Five years after The Year of Microcredit, Radio Netherlands Worldwide wants to take the discussion a step further.

Starting in January 2010, microfinance, under the banner Microfinance: who profits?, will be a central topic on both radio and internet.

RNW will explore and assess microfinance through a variety of articles and video portraits. The central question is: Are we on the right path with microfinance, is it working?

And we want to hear from you as well; your opinion and experience with microfinance is always welcome.

Entrepeneurs across the world can apply for microfinance if they cannot get a loan at an ordinary bank. A vast array of people have been granted loans including a Nicaraguan tortilla baker, a poor woman in India and a moped rental shop in the Netherlands.

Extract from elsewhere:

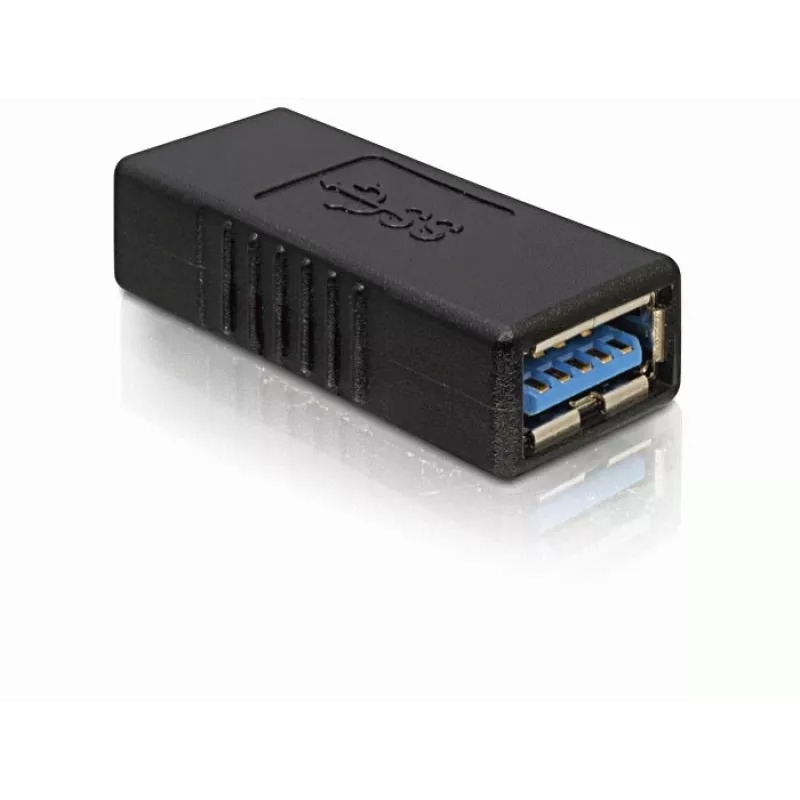 DELOCK USB 3.0-A adapter USB-A naar USB-A zwart, USB 3.0 gegevensoverdracht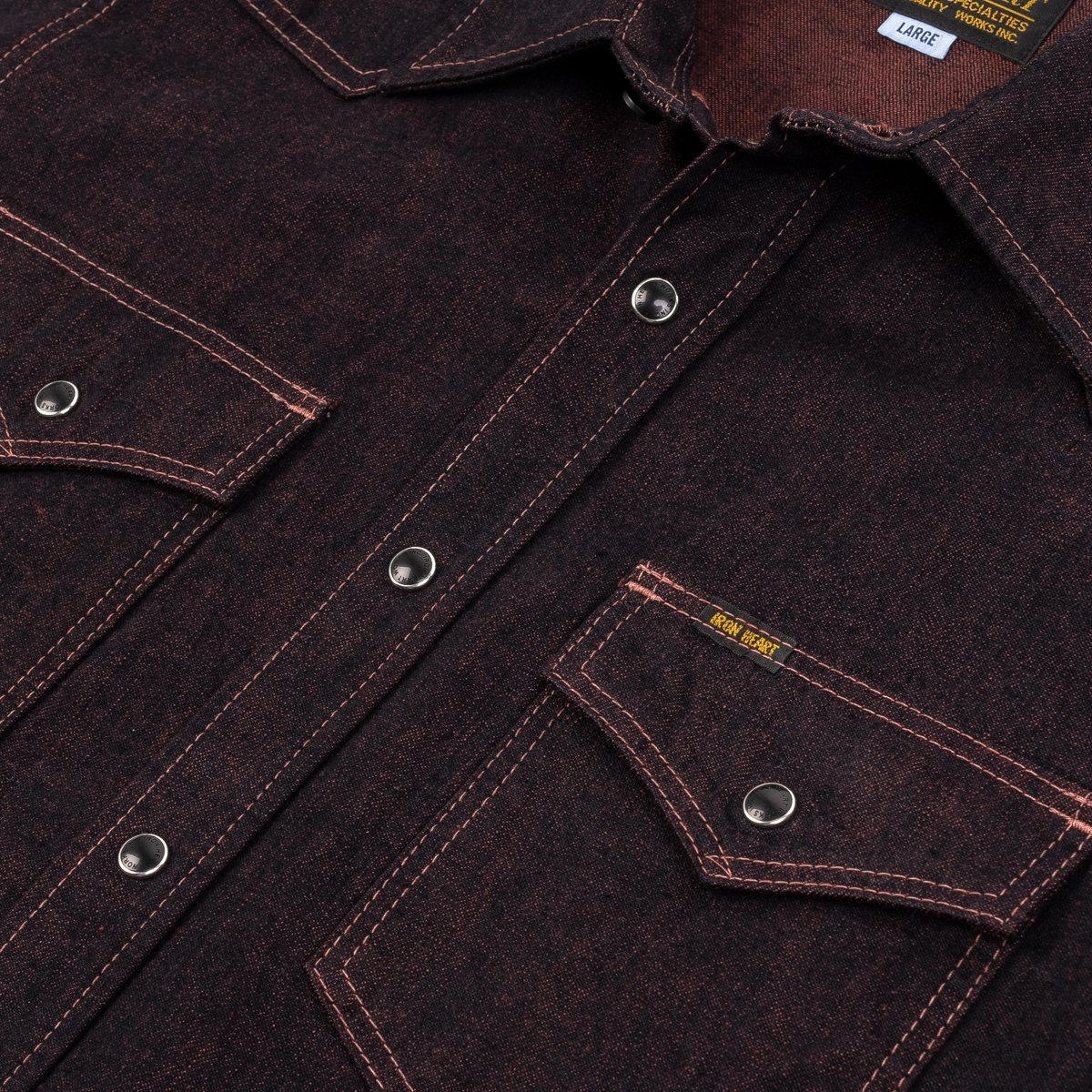IHSH-352-RED 10oz Selvedge Denim Western Shirt - Indigo Overdyed Red - 10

Thanks to microcredit, all these people can invest in their businesses. Entrepreneurs in some countries have to pay very high interest rates and microfinance organisations make huge profits. Is that really what microcredit is all about? Do they really manage to reach the poorest of the poor?

Rose-coloured glasses
"If we are to look at microfinancing with a critical eye, we have to take the rose-coloured glasses off" says RNW editor-in-chief Rik Rensen.

At an event focusing on Microfinance organised by RNW on 25 January in the Peace Palace in the Hague, Princess Máxima, special Microfinance adviser to the United Nations, and Development Cooperation Minister Bert Koenders both welcomed RNW's critical approach.

RNW's Dutch, English, Indonesian, Spanish, Chinese, Arabic, Portuguese and French websites are all carrying the Microfinance: who profits? dossier. The most interesting response from readers will be discussed on a monthly basis.